__TASK TO COMPLETE__.
Every line from the one with "Good morning, everyone." to the end of the listing, and nothing else, is to be printed exactly; please leave the pictures out.

__SUPPLIED DATA__.
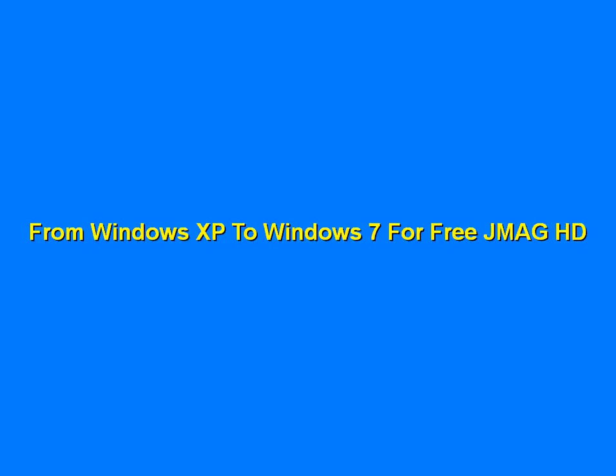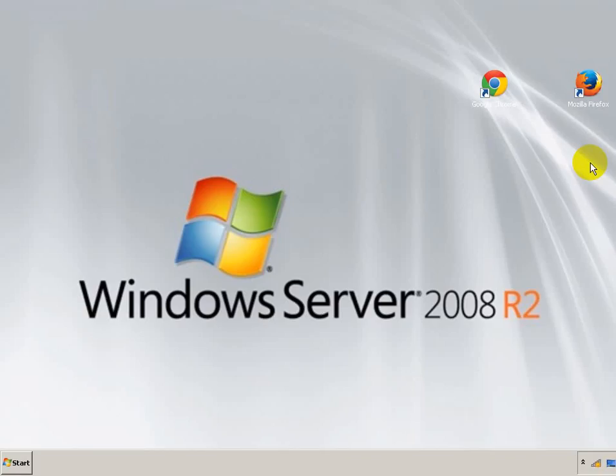Hey guys, what is going on? JmykHD here, bringing you a tutorial on how to make a Windows XP machine look for free like Windows 7.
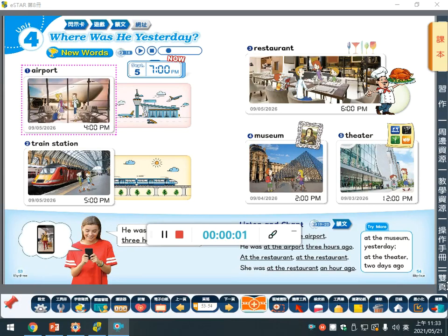Good morning, everyone. This is Ms. Lin. How are you? Are you at home now? Ms. Lin is at school right now, and I'm recording this online lesson for you. 各位同学早安，你们都好吗？Ms. Lin现在在学校为各位同学录制这个礼拜的线上课程。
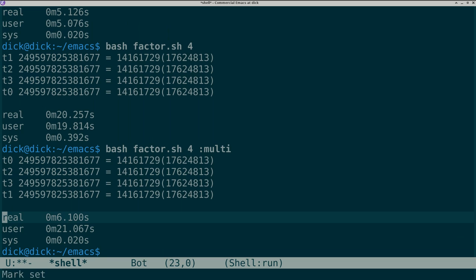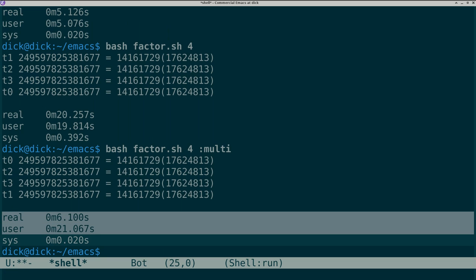While the user time is still 20 CPU seconds, the real-time elapsed was roughly a quarter of that, which means 4 CPU cores were utilized.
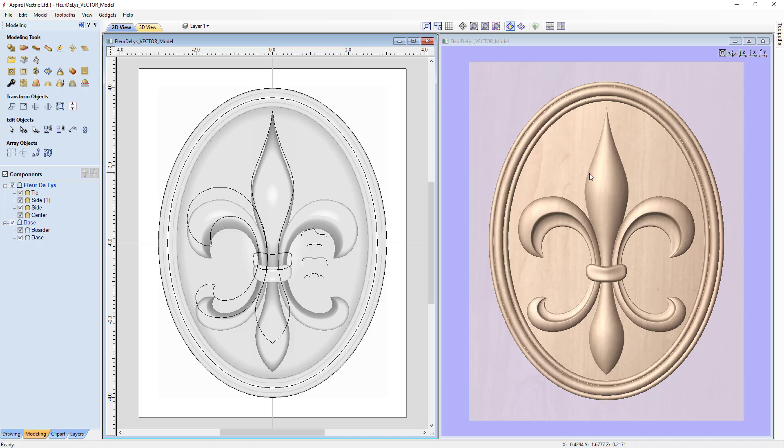Now is the time to think about how you're actually going to cut this. In this case we're going to use two different tool paths: a roughing pass using a large cutter to remove the lion's share of the material, and then a smaller cutter to go back in and reveal our details. We're also going to isolate this to an oval — the oval we already had drawn when we created our 3D components, so it made sense to use that.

__TASK RESULT__.
Good morning, everyone. This is Ms. Lin. How are you? Are you at home now? Ms. Lin is at school right now, and I'm recording this online lesson for you. 各位同学早安，你们都好吗？Ms. Lin现在在学校为各位同学录制这个礼拜的线上课程。
While the user time is still 20 CPU seconds, the real-time elapsed was roughly a quarter of that, which means 4 CPU cores were utilized.
Now is the time to think about how you're actually going to cut this. In this case we're going to use two different tool paths: a roughing pass using a large cutter to remove the lion's share of the material, and then a smaller cutter to go back in and reveal our details. We're also going to isolate this to an oval — the oval we already had drawn when we created our 3D components, so it made sense to use that.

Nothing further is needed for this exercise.